Is there a set $\left\{\sigma_i' : i=1..n\right\}$ such that there is at least one $\lambda_i'$ with negative real part $\Re(\lambda_i) < 0$?

Not necessarily. For example, consider $$A = \pmatrix{\cos(\theta) & -\sin(\theta)\cr \sin(\theta) & \cos(\theta)}$$ with eigenvalues $e^{\pm i \theta}$ having positive real part if $-\pi/2 < \theta < \pi/2$.
Since $A$ is orthogonal, its SVD has $U = A$, $\Sigma = V^T = I$. Then $$A' = A \pmatrix{\sigma_1' & 0 \cr 0 & \sigma_2'}$$ has trace $(\sigma_1' + \sigma_2') \cos(\theta) > 0$ and determinant $\sigma_1' \sigma_2' > 0$, and therefore its eigenvalues have positive real part.
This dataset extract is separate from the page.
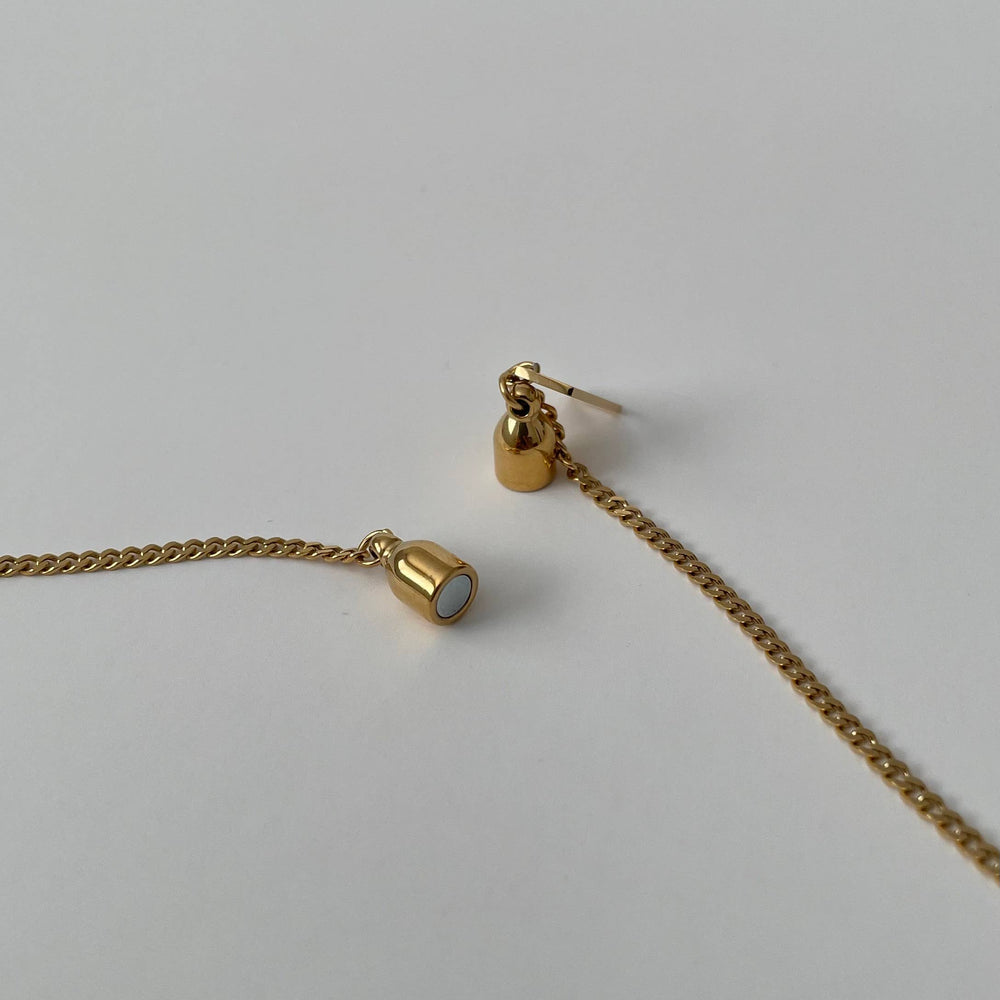 Wishbone Necklace | Gold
EDIT: On the other hand, it is not always impossible. There are $3 \times 3$ examples where the real part of a complex-conjugate pair of eigenvalues changes sign depending on the $\sigma'_j$. For example, take \eqalign{U &= \pmatrix{\sqrt{18-6\sqrt{3}}/6 & 0 & -\sqrt{18+6\sqrt{3}}/6 \cr -\sqrt{9+3\sqrt{3}}/6 & \sqrt{2}/2 & -\sqrt{9-3\sqrt{3}}/6\cr \sqrt{9+3\sqrt{3}}/6 & \sqrt{2}/2 & \sqrt{9-3\sqrt{3}}/6\cr}\cr V^T &= \pmatrix{-\sqrt{9-3\sqrt{3}}/6 & \sqrt{9-3\sqrt{3}}/6 & \sqrt{18+6\sqrt{3}}/6\cr \sqrt{2}/2 & \sqrt{2}/2 & 0\cr -\sqrt{9+3\sqrt{3}}/6 & \sqrt{9+3\sqrt{3}}/6 & -\sqrt{18-6\sqrt{3}}/6\cr}} which come from the SVD of $$\pmatrix{0 & 0 & 1\cr 1 & 0 & -1\cr 0 & 1 & 1\cr}$$ For some $(\sigma'_1, \sigma'_2, \sigma'_3)$, such as $(1,1,0.3)$, the eigenvalues all have positive real part; for others, such as $(1,1,0.4)$, the real eigenvalue is positive but the complex conjugate pair have negative real part.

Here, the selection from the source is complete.